25 Mar 2019
Existe-t-il vraiment un génie juif ?
Dans son livre 21 leçons pour le XXIe siècle, Yuval Noah Harari s’interroge sur les facteurs expliquant la réussite des juifs dans de nombreux domaines. Tout en relativisant l’influence des juifs sur le monde, il l’attribue toutefois davantage aux circonstances qu’à une intelligence qui découlerait du judaïsme religieux.
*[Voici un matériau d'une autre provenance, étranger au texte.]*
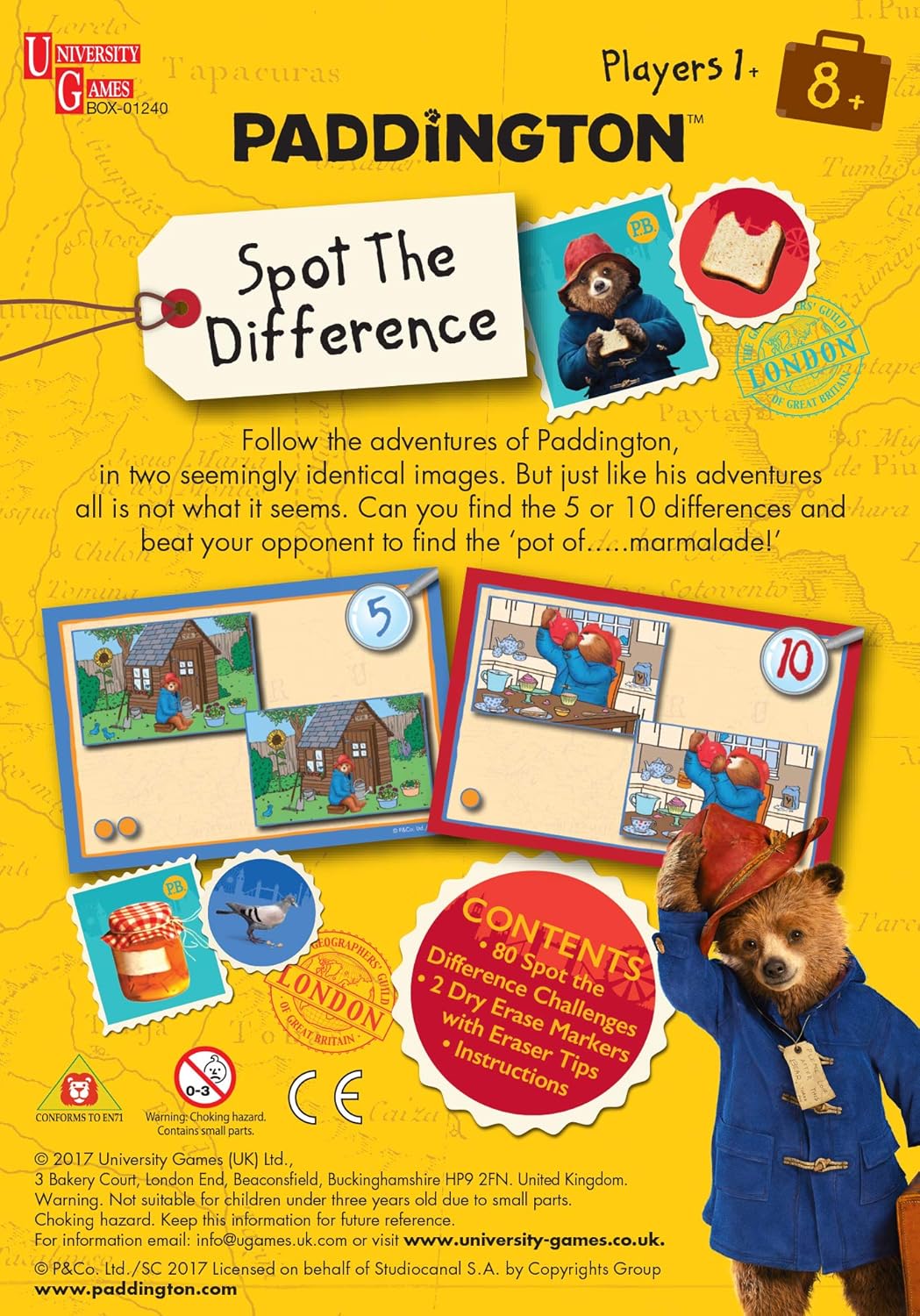 Paddington Bear Spot the Difference Game - 80 Challenges Board Game 2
C’est seulement au XIXe et XXe siècles que nous voyons les Juifs apporter une extraordinaire contribution à l’ensemble de l’humanité à travers leur rôle démesuré dans la science moderne. Outre des noms célèbres comme Einstein et Freud autour de 20% des Nobel de science sont juifs alors que les Juifs représentent moins de 0,2 % de la population mondiale. Il faut cependant souligner qu’il s’agit d’une contribution d’individus juifs plutôt que du judaïsme considéré comme religion ou culture. La plupart des savants juifs des deux siècles passés ont agi hors de la sphère religieuse juive. De fait, les Juifs n’ont commencé à apporter cette remarquable contribution à la science que le jour où ils ont délaissé la yeshivah pour le laboratoire.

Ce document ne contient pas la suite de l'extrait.